- What this task involves:
Nothing but the lines below from the one holding "Elecrelive 20Pcs Peach" up to and including the one holding "Elisabetta Franchi Wool" should be copied, exactly and without pictures.

- Dataset records:
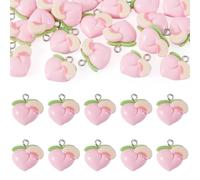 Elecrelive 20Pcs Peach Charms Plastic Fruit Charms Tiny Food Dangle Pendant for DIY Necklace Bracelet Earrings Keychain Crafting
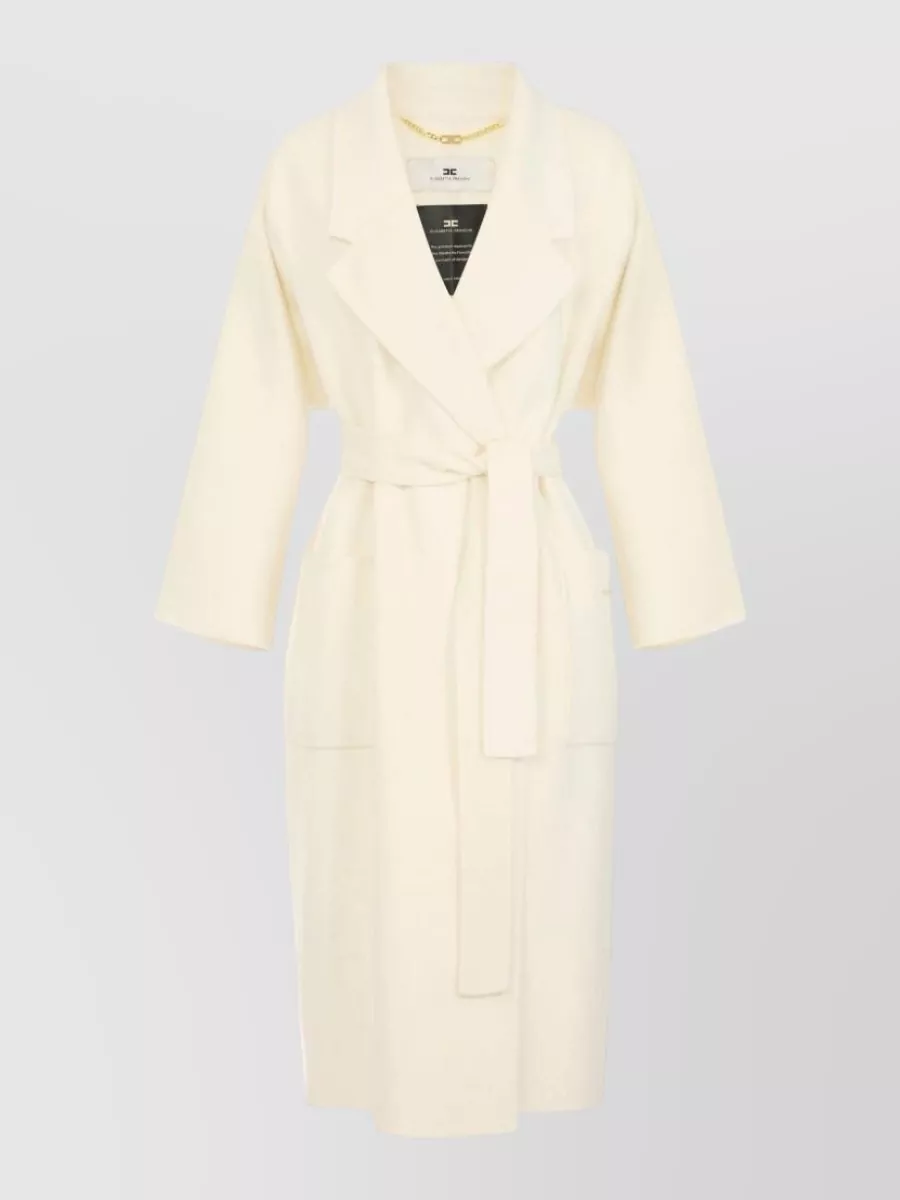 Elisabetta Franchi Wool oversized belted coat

==

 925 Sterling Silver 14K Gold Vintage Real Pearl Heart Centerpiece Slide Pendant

- Answer:
 Elecrelive 20Pcs Peach Charms Plastic Fruit Charms Tiny Food Dangle Pendant for DIY Necklace Bracelet Earrings Keychain Crafting
 Elisabetta Franchi Wool oversized belted coat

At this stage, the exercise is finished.